Impairment of Oil and Gas Properties

During the first quarter of 2010, we recognized impairment of oil and gas properties of $8.2 million ($7.6 million related to proved properties and $0.6 million related to unproved properties). These amounts represented the remaining carrying costs of those properties, and were primarily due to economic conditions and relinquishment of the unproved leases.

Drilling Interruption Costs

Drilling interruption costs were $18.5 million in the first quarter of 2011. They consist of stand-by costs for drilling operations at our Telemark and Gomez Hubs resulting from the deepwater drilling moratoriums and subsequent drilling permit delays caused by the April 2010 Macondo incident in the Gulf of Mexico. These costs are expected to continue until we receive all drilling permits for which we have applied.

Loss on Abandonment

We recognized aggregate loss on abandonment during the first quarter of 2011 and 2010 of $1.3 million and $0.2 million, respectively. These amounts are the result of actual abandonment costs exceeding the previously accrued estimates, due to unforeseen circumstances that required additional work or the use of equipment more expensive than anticipated and unanticipated vendor price increases.

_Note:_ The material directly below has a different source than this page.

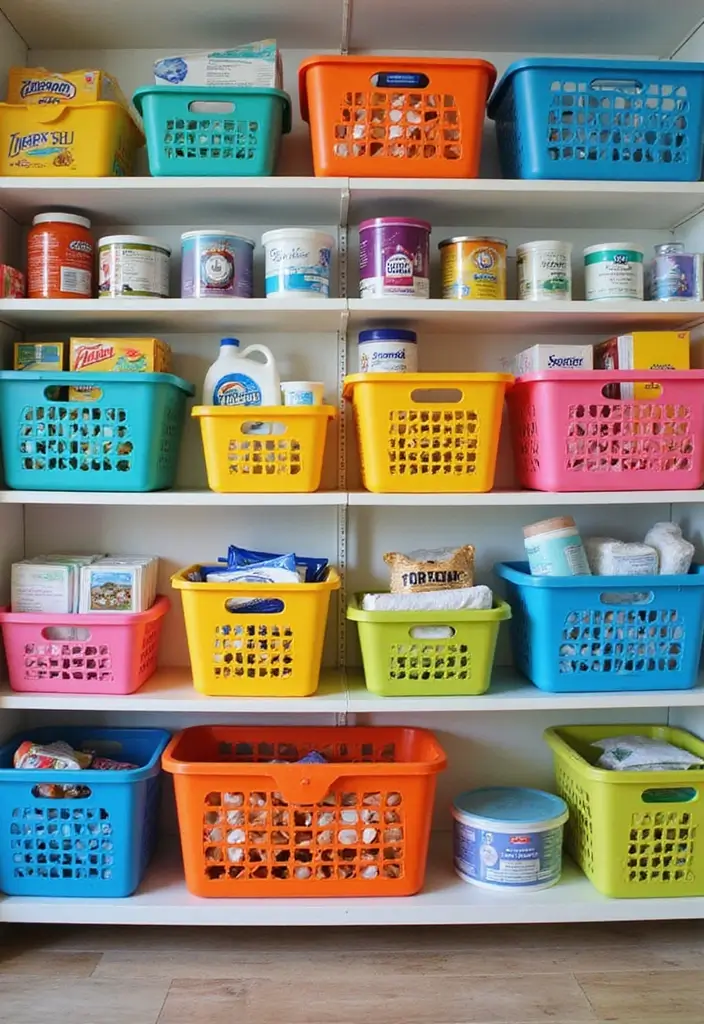 shelves with colorful labeled bins for whites, colors, delicates, and towels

Gain on Exchange/Disposal of Properties

During January 2010, we consummated a nonmonetary exchange of our 10% nonoperated working interest in MC Block 800, for an incremental 50% working interest in MC Block 754, both proved undeveloped properties. The consolidated financial statements reflect the incremental interest acquired in MC Block 754 at fair value and removal of the carrying costs of MC Block 800, resulting in recognition of a $12.0 million gain.

Interest Expense, Net

Interest expense, net of amounts capitalized increased to $75.5 million in the first quarter of 2011 compared to $12.2 million in the first quarter of 2010. In the first quarter of 2011, we capitalized interest of $5.0 million (related to our Cheviot development in the U.K.) compared to first quarter of 2010 capitalized interest of $43.3 million ($40.4 million related to the construction of the Telemark Hub development in the Gulf of Mexico and $2.9 million related to Cheviot). Interest expense has increased primarily for three reasons: (i) our Telemark Hub was placed in service at the beginning of the second quarter of 2010 and we therefore ceased capitalizing related interest costs, (ii) due to higher balances of other long-term obligations and (iii) in the second quarter of 2010, we refinanced our long-term debt and increased our outstanding debt balance and the associated interest rate.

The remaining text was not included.